Outcomes	Maternal: gestational age, mode of delivery based on gestational age. food consumption, in terms of calcium and vitamin D content, pre‐pregnancy BMI, BMI during pregnancy Infant: weight, height, and head circumference, birthweight, height, head circumference. Laboratory method used for assessment of vitamin D concentrations: not specified.
Notes	Total dose of supplementary vitamin D during pregnancy: 56,000 to 200,000 IU; Start of supplementation: 25 weeks of pregnancy or more; Pre‐gestational BMI (kg/m2): most were overweight; Supplementation scheme/regimen: daily; Skin pigmentation based on Fitzpatrick skin tone chart (Fitzpatrick 1988): mixed/unknown; Latitude: north of the Tropic of Cancer; Season at the start of pregnancy: all year round. Source of funding: this study was funded by a research grant of Tabriz University of Medical Sciences (Project number: 388). Dates of the study and location: July 2013 to April 2014, Iran.
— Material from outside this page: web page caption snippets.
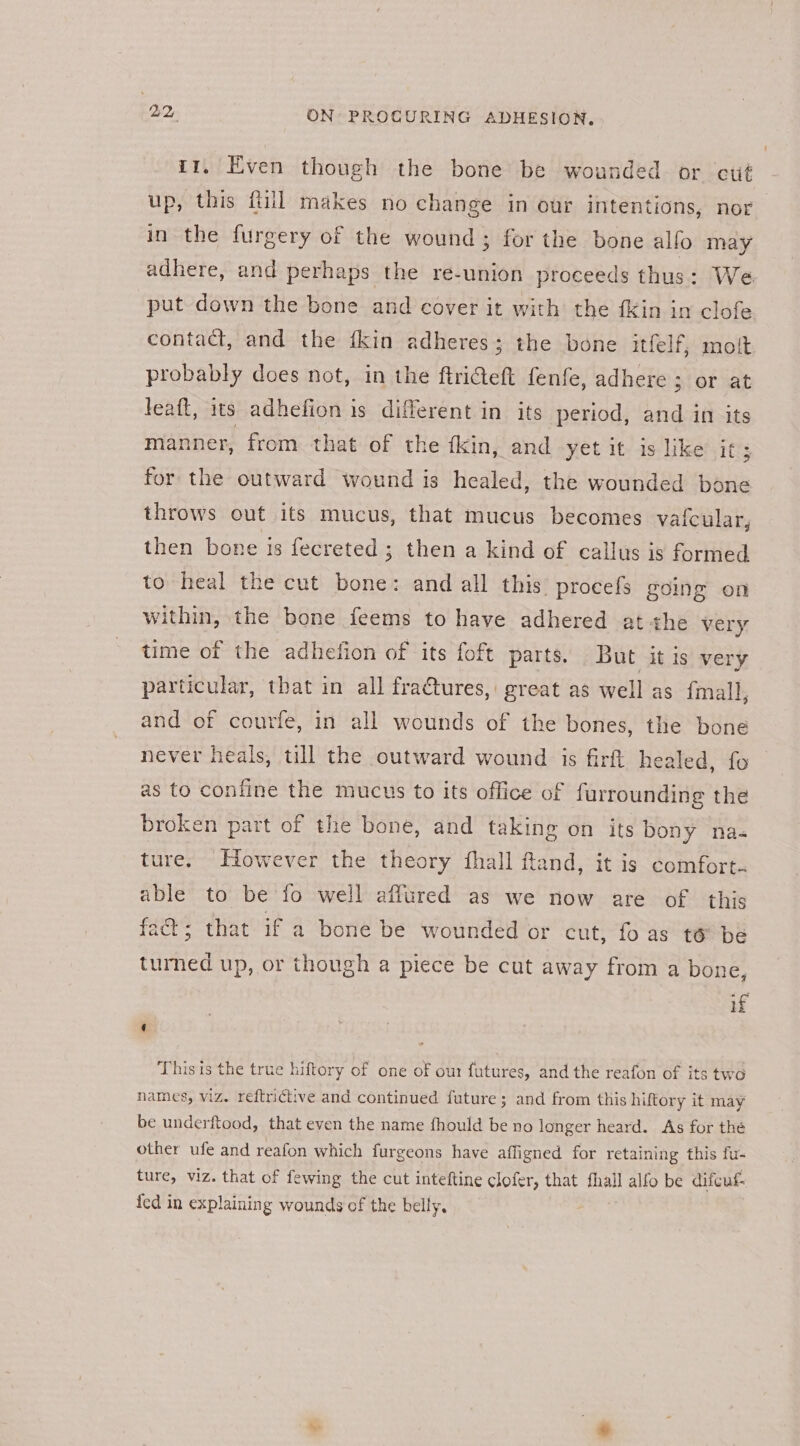 it, Even though the bone be wounded or cut up, this fill makes no change in our intentions, nor in the furgery of the wound ; for the bone alfo may adhere, and perhaps the re-union proceeds thus: We put down the bone and cover it with the {Kin in clofe contact, and the ikin adheres; the bone itfelf, mot probably does not, in the ftriGeft fenfe, adhere ; or at leaft, its adhefion is different in its period, and in its manner, from that of the fkin, and yet it is like it; for the outward wound is healed, the wounded bone throws out its mucus, that mucus becomes vaicular, then bone is fecreted ; then a kind of callus is formed to heal the cut bone: and all this procefs going on within, the bone feems to have adhered at the very time of the adhefion of its foft parts. But it is very particular, that in all fra@tures, great as well as {mall, and of courfe, in all wounds of the bones, the bone never heals, till the outward wound is firft healed, fo as to confine the mucus to its office of furrounding the broken part of the bone, and taking on its bony na« ture. However the theory fhall fand, it is comfort. able to be fo well affured as we now are of this fact; that if a bone be wounded or cut, fo as t6 be turned up, or though a piece be cut away from a bone, if This is the true hiftory of one of our futures, and the reafon of its two names, viz. reftrictive and continued future; and from this hiftory it may be underftood, that even the name fhould be no longer heard. As for the other ufe and reafon which furgeons have afligned for retaining this fu- ture, viz. that of fewing the cut inteftine clofer, that fhall alfo be difcuf-. fed in explaining wounds of the belly.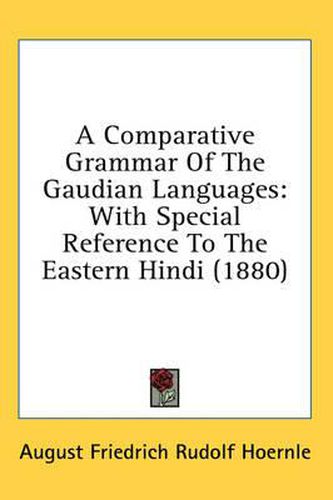 A Comparative Grammar of the Gaudian Languages: With Special Reference to the Eastern Hindi (1880)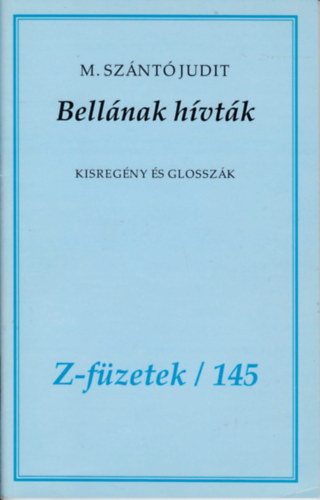 M. Sznt Judit - Bellnak hvtk. Kisregnyek s glosszk. Z-fzetek/145 (szmozott)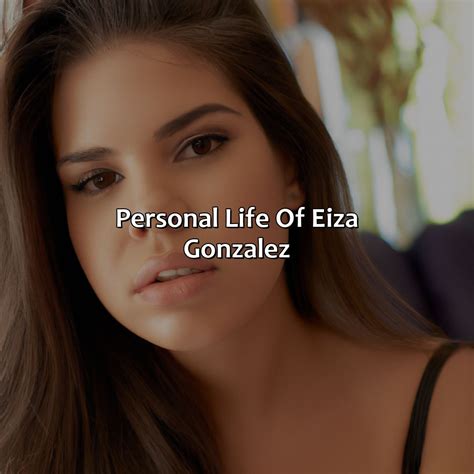 A Glimpse into Eiza Gonzalez's Personal Journey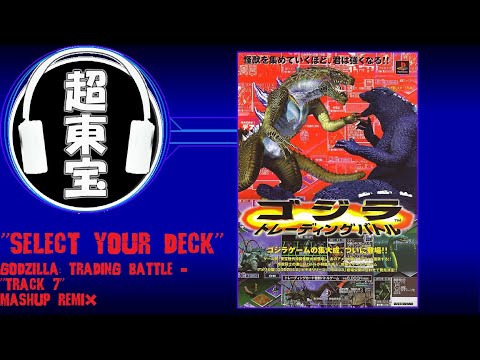"Select Your Deck" - Godzilla: Trading Battle - Track 7 Mashup Remix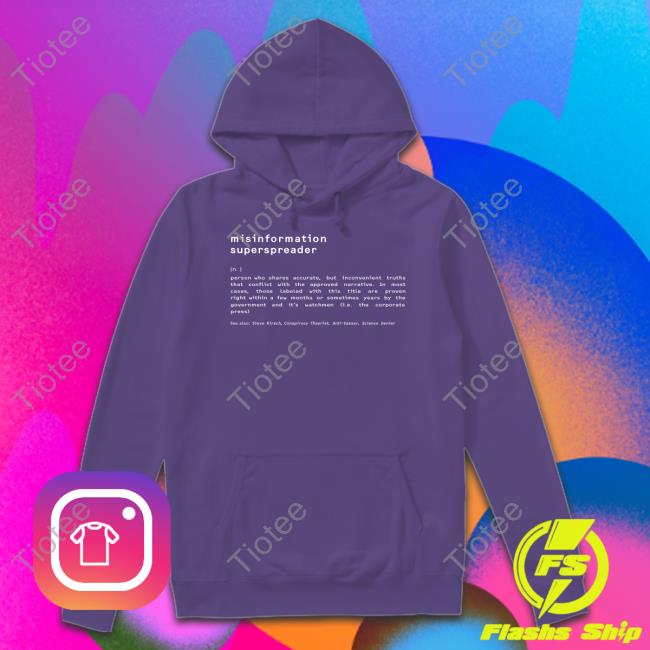 Misinformation Superspreader Definition Tee Steve Kirsch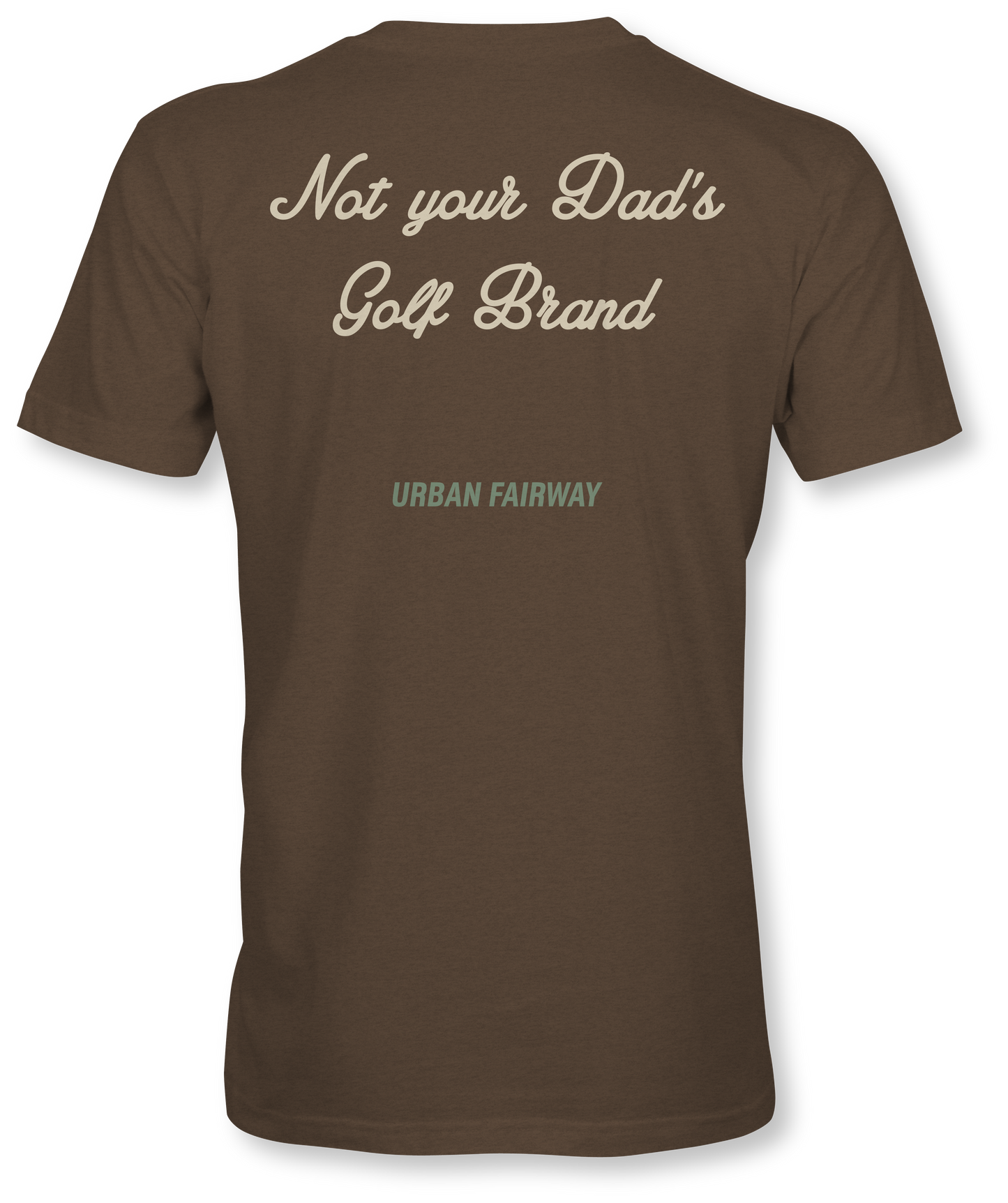 “Not Your Dad’s Golf Brand” Premium Tee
Declarations of interest among primary researchers (or state where this information is not reported by the trial authors): no conflicts of interest.
Risk of bias
Bias	Authors' judgement	Support for judgement
Random sequence generation (selection bias)	Low risk	Participants were allocated to 3 groups using a randomised block design with block sizes of 3 and 6 with the allocation ratio 1:1:1.
Allocation concealment (selection bias)	Unclear risk	To hide the allocation, each participant received 2 small envelopes, each with enough medicine for 3 weeks, inside a large matte‐coloured envelope of the same shape that were serially numbered. Each participant received 1 pill every day for 42 days. Pills were of the same shape, size, and weight. However, authors did not mention how this was concealed from study staff.
Blinding of participants and personnel (performance bias) All outcomes	Low risk	Participants were blinded to the study treatments.
Blinding of outcome assessment (detection bias) All outcomes	Unclear risk	The trial reported that it was double‐blinded but they did not specify if those performing the assessments were blinded.
Incomplete outcome data (attrition bias) All outcomes	Low risk	Losses to follow‐up were documented. No missing data and no participant was eliminated from the analysis.
Selective reporting (reporting bias)	Unclear risk	There is insufficient information to permit judgement.
Other bias	Low risk	The study appears to be free of other sources of bias.